Peter Openshaw, President of the British Society for Immunology, on improving the UK’s immunisation programmes
Vaccines: a good buy for health and science
12 Oct 2015
When the Treasury published its guidance on the upcoming Comprehensive Spending Review in July in a document entitled A country that lives within its means their aims were immediately clear: tight fiscal discipline. In other words, major reductions in the budgets of many central government departments.
Some budgets have been protected, and this includes health. The threat is therefore focussed on unprotected budgets – which includes money that is distributed to life sciences research through the Research Councils. Any reduction in science spending would be disastrous not just for this generation of scientists but for those yet to come as many, including CaSE, have argued so eloquently. The ultimate impact on the UK’s prosperity is a genuine worry since spending on research and education have been shown to pay off handsomely.
However, at the British Society for Immunology we are particularly concerned about another issue: vaccines. These medical wonders have made an immeasurable contribution to the health of our nation and the UK has a long and proud history in supporting their development and production. This started with Jenner in 1796 and leads right up to the present day. Just recently for example we have seen the implementation of a new immunisation programme, the first of its kind in the world, to vaccinate infants against meningitis B, a dangerous and devastating infectious disease. These measures are among the most cost-effective interventions we have to improve public health and are rightfully labelled public health’s ‘best buy’.
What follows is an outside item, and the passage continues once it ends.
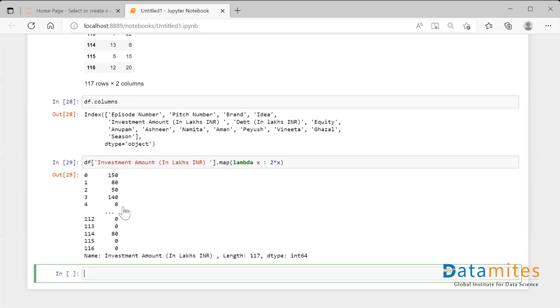Apply is used either on the series or on the rows or on the columns of the data frame. Okay, thank you.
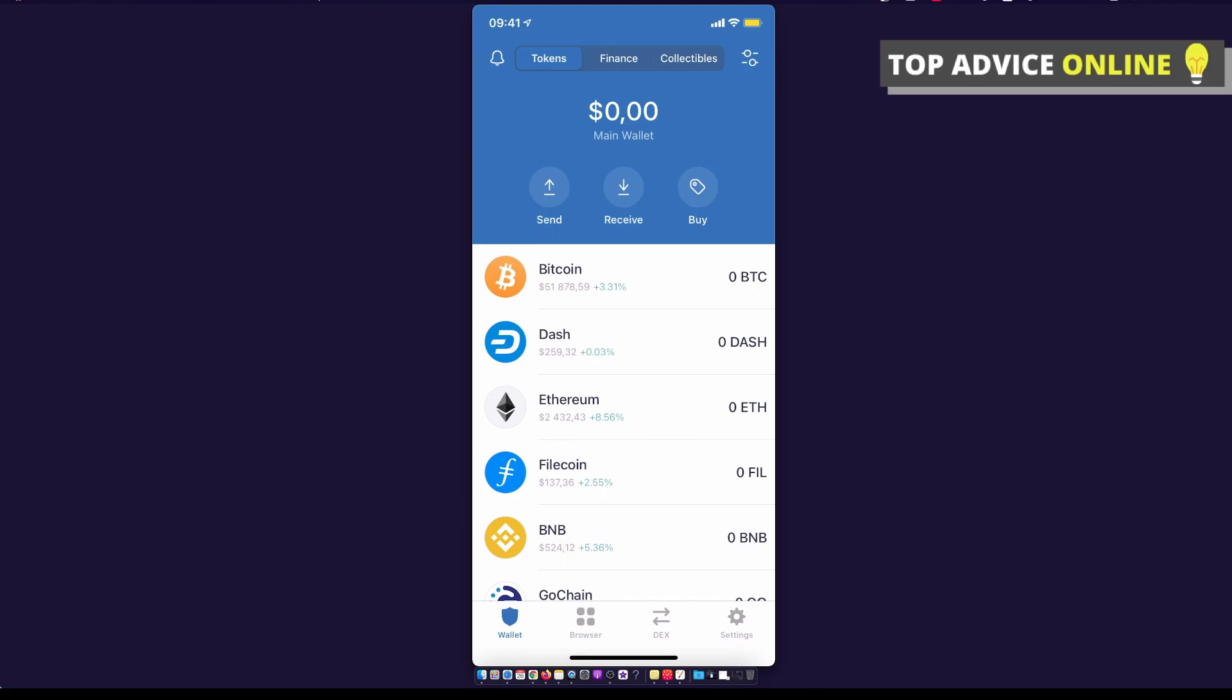Hey guys, in this video I will show you how you can add custom token on Trust Wallet. It's really fast and easy, and let me show you how. So first, of course, you need to be on Trust Wallet main dashboard.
The UK is a world leader in the way it develops, expands, and improves its immunisation programmes. Any threat to our excellent current programmes and the introduction of new vaccine technologies must be resisted. This summer the Government announced cuts to the public health budget of £200m, and more is expected from the Spending Review. Although vaccination schedules are delivered by the NHS (a protected budget), the delivery of these programmes relies on invaluable support from public health funds which are vulnerable to spending cuts.
This support includes the procurement and distribution of vaccines, providing expert advice and clinical guidance to shape future programmes, and performing the analysis and surveillance that is so important to the evaluation of existing and future schemes, and indeed in assessing any putative links between vaccination and adverse events.
Moreover, public health bodies have responsibility for delivering national communications, including information leaflets, factsheets, and other patient resources. This is a critical task which assumes even greater importance at a time when the UK is failing to reach the minimum World Health Organisation designated targets for vaccination coverage across a number of routine immunisation schedules, as the latest data published by the Government showed last month.
We have expressed these concerns in a letter to the Chancellor, submitted to the Treasury, and with a shorter version published in The Times. Our message is clear: failure to safeguard and build upon the existing platform, through protection of public health spending but also commitment to the life sciences budget, seriously compromises our ability to protect the public from infectious disease.
It would be easy to characterise the spending review as a simple stock-check of public expenses, an opportunity for the Treasury to reign in departmental spending as a means of achieving further fiscal consolidation. In reality, it’s much more important. By defining central budgets for the next five years the Government is sending out a strong message as to where its political priorities lie.
The BSI believes that preserving the health of the nation and building upon our world-leading immunisation programmes should be foremost amongst these priorities. We hope that the Government takes heed of these concerns and uses this spending review as an opportunity to make a bold statement on its commitment to science, public health, and immunisation when the outcome of the review is announced in November.